Recently, a teacher with whom I was working confessed to me, “Robyn, I cannot work any harder than I am already working.  And yet, my kids aren’t making the progress they need to make to pass the AP test.  I am so frustrated.”

     I hear this a lot.  Teachers are working as hard as they can – they stay after school, they are up until midnight each night planning new lessons and grading papers.  They are giving everything they have and yet it seems to them that their kids, are working hardly at all.
     And yet, as common and as frustrating as this situation is, I get into a lot of trouble for the title of my book Never Work Harder Than Your Students.  Some critics (who aren’t teachers by the way)  have read the title and been immediately offended.  They say that I am trying to let teachers — who are already lazy enough — off the hook for doing the work that they should be doing.  Even some teachers prickle at the title.   They argue that of course they should work harder than their students.  That’s their job.
     The other day I read a story that illustrates the danger of such a view.  A cow and a mule worked on the small farm.  Each morning, the farmer would start the day by milking the cow.  Then he would hitch up the mule to plow his fields.  At the end of the day, he would return to the cow and milk her again.  One evening, the mule weary from a day of plowing approached the cow. 

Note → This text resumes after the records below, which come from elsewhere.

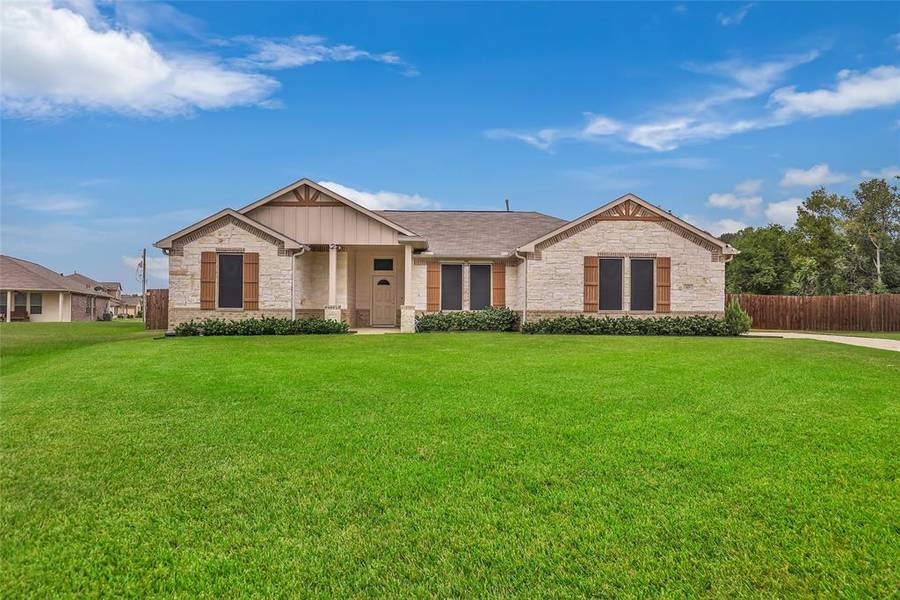 103 Jessica DR, Dayton, TX 77535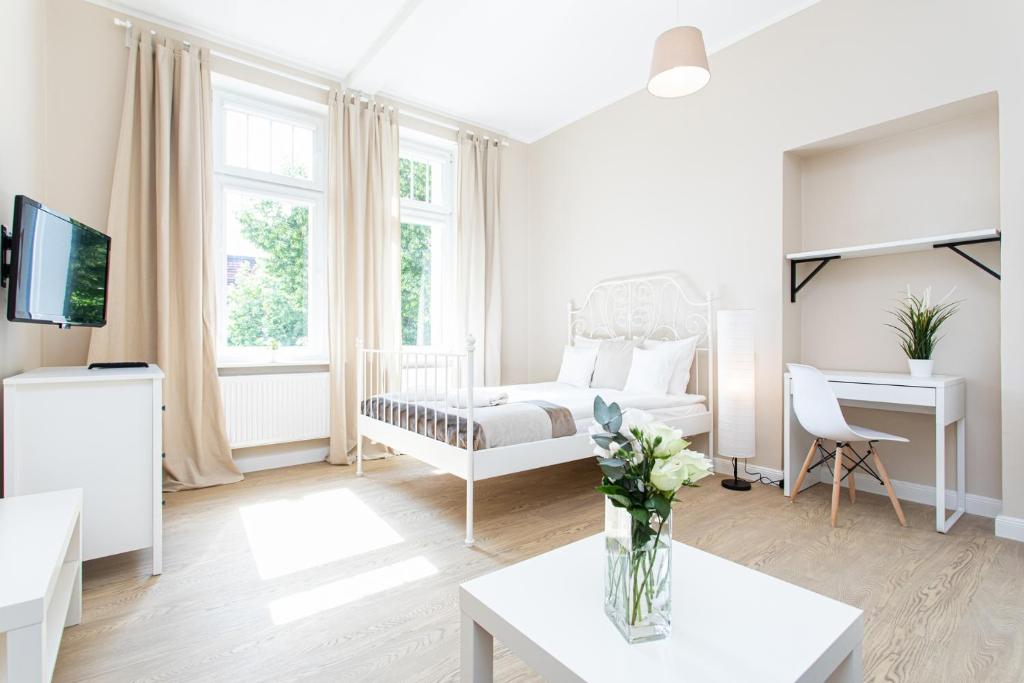 Четырехместный (Четырехместный номер с общей ванной комнатой), Riviera Rooms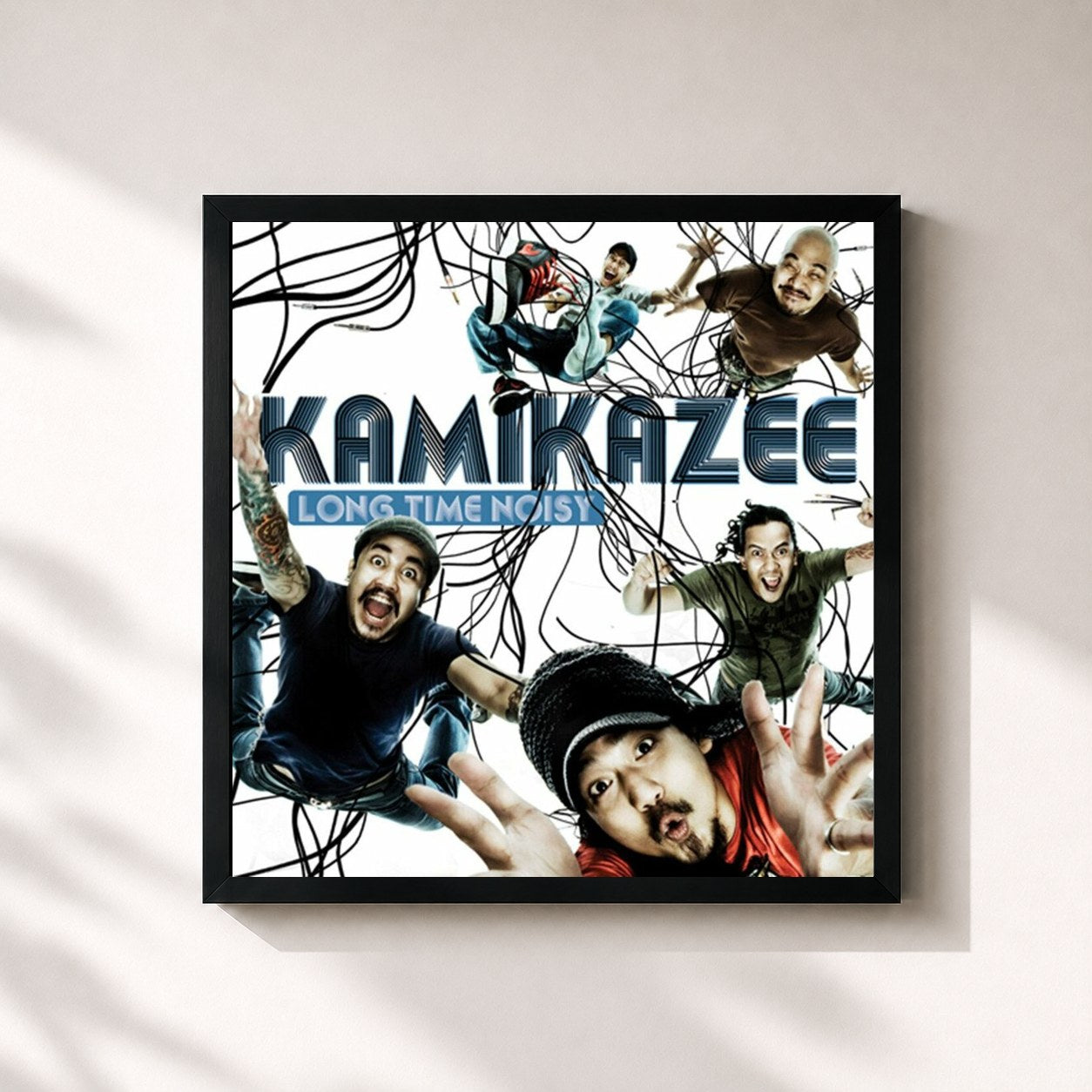 #noir Tableau carré de l'album Long Time Noisy de Kamikazee, cadre noir 32x32 cm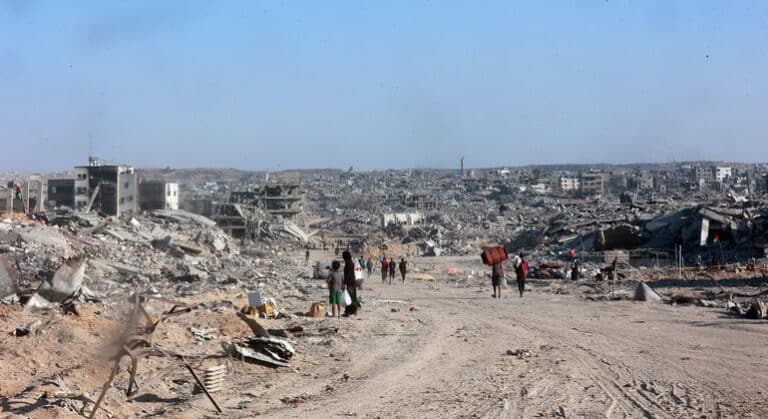 Gaza, pobreza y cambio climático, inundaciones en México... Las noticias del viernes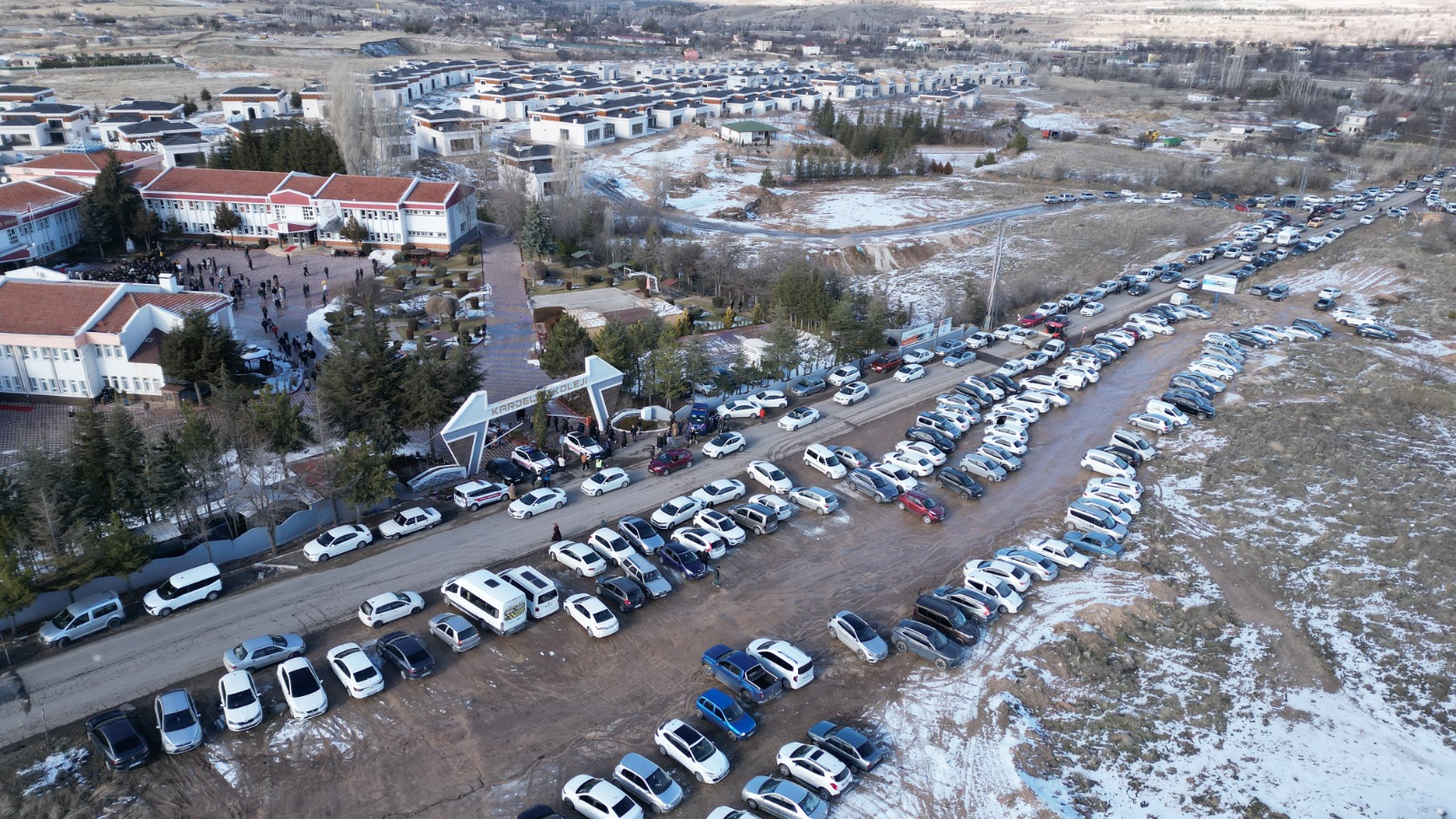 F7451263 5240 4B13 A14F 188Ffd5A8368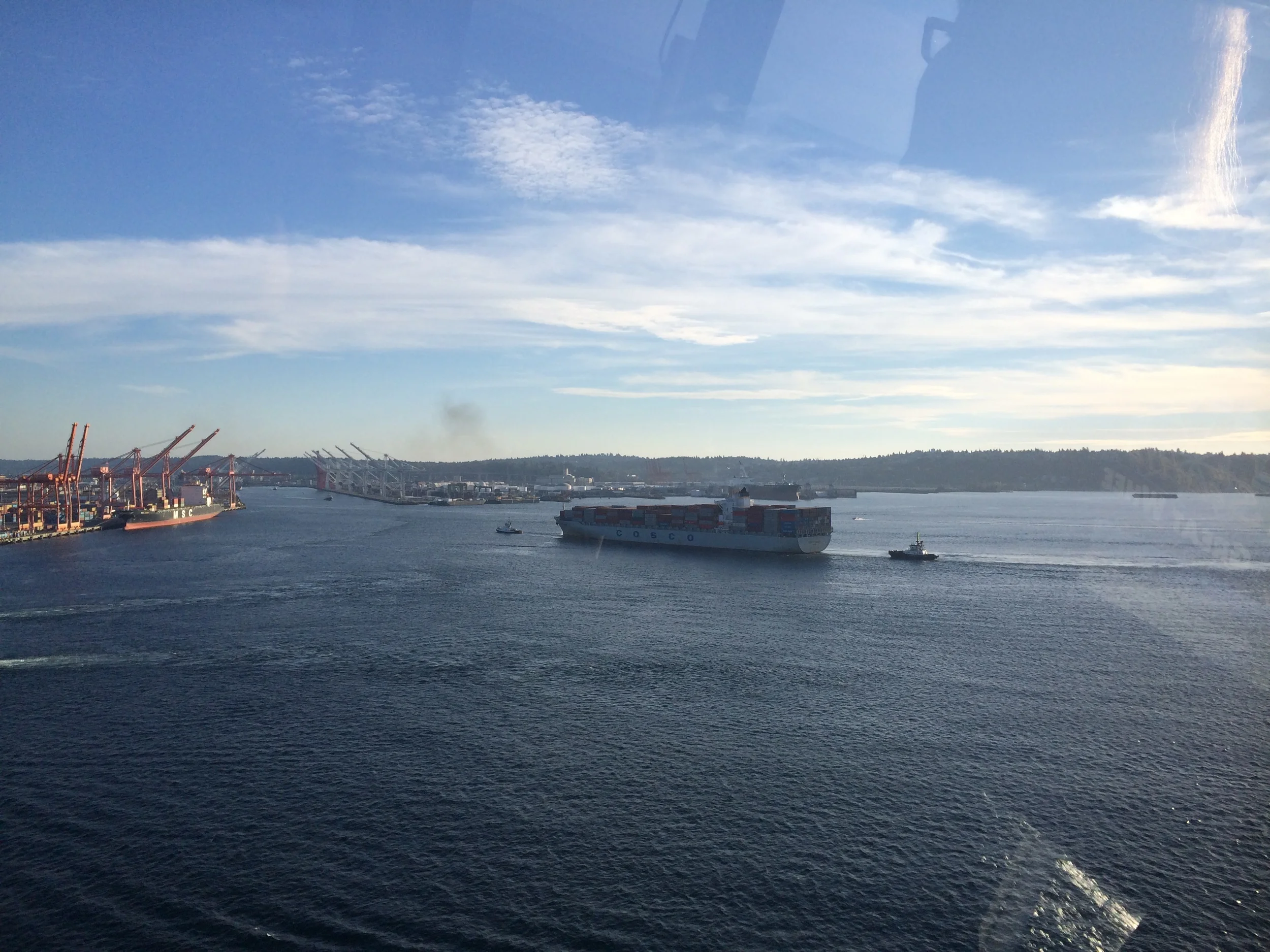 Tug pulling a barge on Elliot Bay...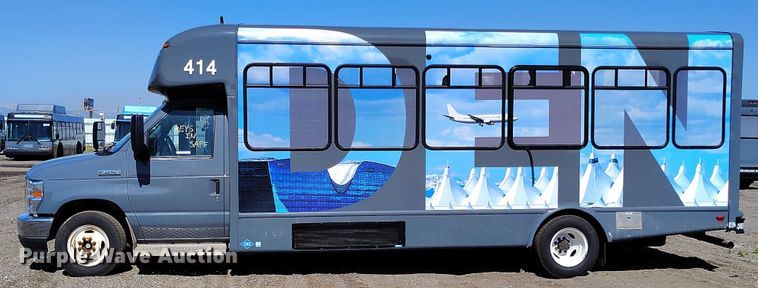 image for item YA0641 2022 Ford E450 shuttle bus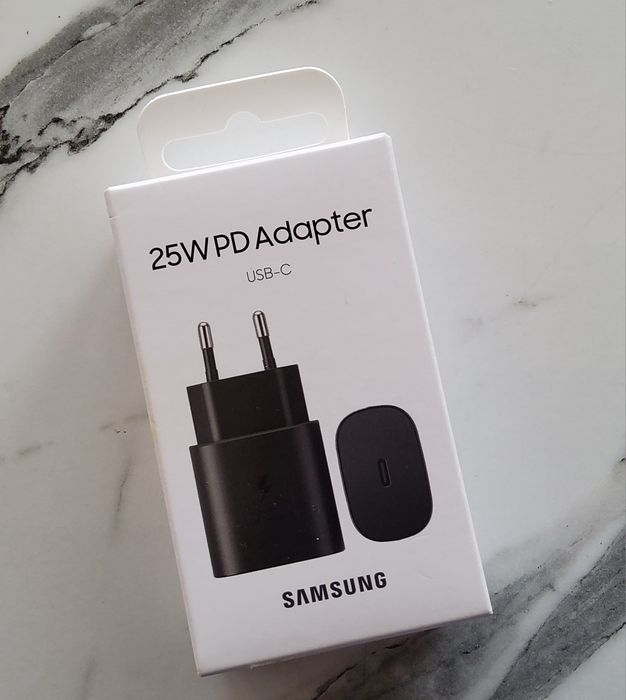 Адаптер Черен Цвят, 25W, USB-C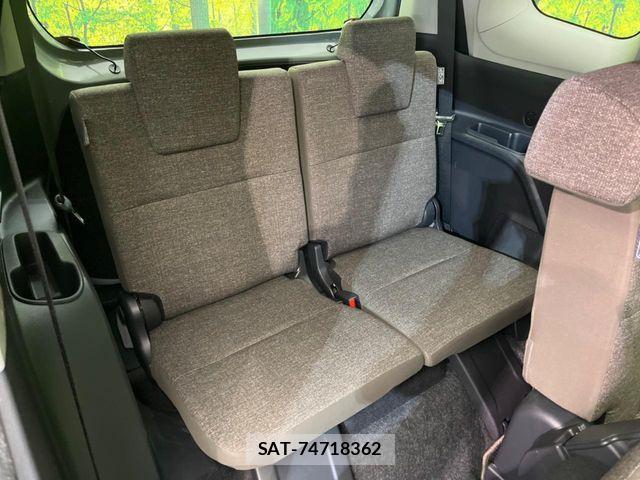 Toyota SIENTA 2023-11 7225106-9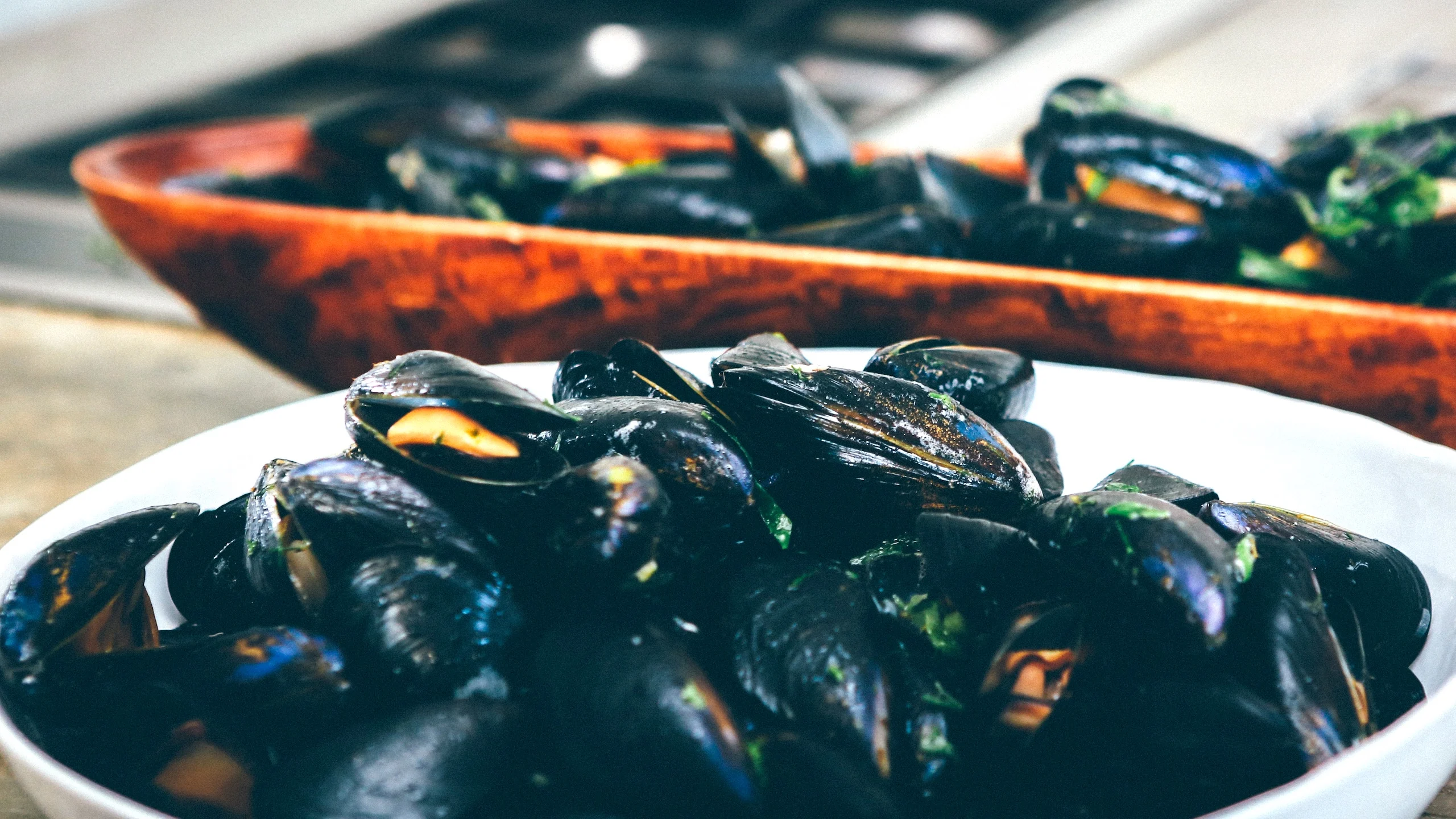 La forma correcta de comer mejillones, según Martha Stewart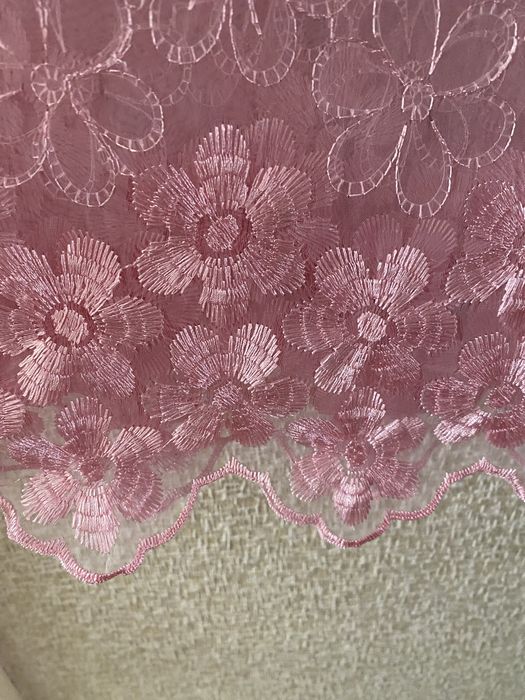 Тюль розовая, красивая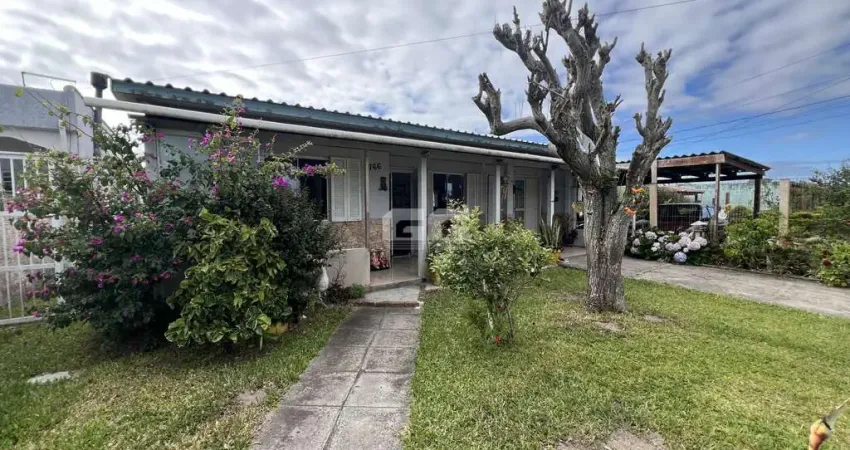 CIDREIRA - CASA COM 2 DORMITÓRIOS + KITNET A VENDA NA PRAIA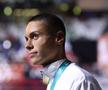 Răzvan Florea (41 de ani), singurul medaliat olimpic la masculin al României, bronz la Atena 2004, spune că i-a prevăzut lui David Popovici (17 ani) un viitor strălucitor deja de câțiva ani: „Îl cunosc de când era mai mic, trăiește pentru înot”.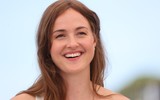 [ẢNH] Vẻ đẹp gợi cảm của Nữ diễn viên đoạt Cành Cọ Vàng ở Cannes 2021 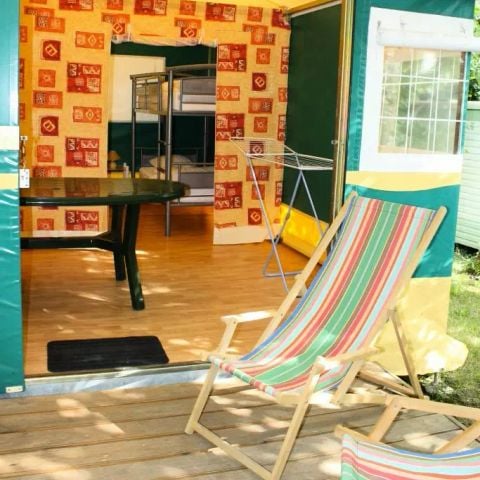 Tente en toile et en bois 5 personnes - Meublée Kiwi 3 Pièces 5 Personnes Sans Sanitaires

            “I am so exhausted.  All day long I plow the fields. My legs are sore.  My back is chafed by the plow.  I need some rest.”
            The cow felt sympathy for the poor, tired mule and suggested, “Why don’t you pretend to be sick tomorrow.  That way you can get a day off.”
            The mule thought that was an excellent idea so the next morning, when the farmer came to hitch him to the plow, he lay down in his stall and moaned.  The farmer, seeing that the mule was sick closed the stall door and took the plow to the cow’s stall and hitched her up instead.  All day long she pulled the plow through the fields and that evening she returned to the barn to be milked.  The mule on the other hand, enjoyed a relaxing day grazing in the meadows.
            Angry and exhausted, the cow scolded the mule.  “You spent a day of leisure while I had to do your work and mine.  Now I am tired and my legs are sore and my back is chafed by the plow.”
            The mule felt a twinge of guilt and apologized but he had enjoyed such a relaxing day that the next morning, he pretended to be sick again.  The cow spent another day of milking, plowing, then milking again.  That evening, she was too tired to fuss at the mule.  The mule saw that the cow was doing a great job at doing both of their work so he felt less guilty and decided to take the rest of the week off.
            By Thursday, the cow’s milk began to dry out.  Her legs were shaky and although she gave it her best effort, she was unable to plow as much of the field as she had at the beginning of the week.  The farmer became frustrated because he was unable to get as much work done and there was no milk.  That evening he walked into the barn and made a decision.  Because the mule seemed so sick, he would sell him to a glue factory and use the money he earned to buy a healthy mule.  And, because the cow no longer produced good milk, he would use her for meat instead.  When the mule and the cow heard the farmer, they quickly got back to doing their jobs.
            How many times does this story play out in our classrooms?  The students, like the mule, don’t do their jobs of learning.  And we, like the cow, attempt to do both our work and the students’ work.  Often we think we are helping students by doing things this way, but in the end, we are doing harm to both them and us.
            Instead let’s recognize what is our work and what is the students’ work.  The bulk of our work happens before students enter the classroom and after students leave.  We plan and prepare learning experiences and after class is over, we assess and provide students feedback on how well they engaged in those learning experiences so that we can all improve the next day.  The students’ work happens during the class period where it is their jobs to do the work of learning.  It’s not that we should sit idle during class time, but we should never do anything that let’s students off the hook for doing the work of learning of themselves. When we do our jobs properly, we set students up for meaningful and engaging learning experiences.  But, when we work harder than our students, we cheat them and ourselves.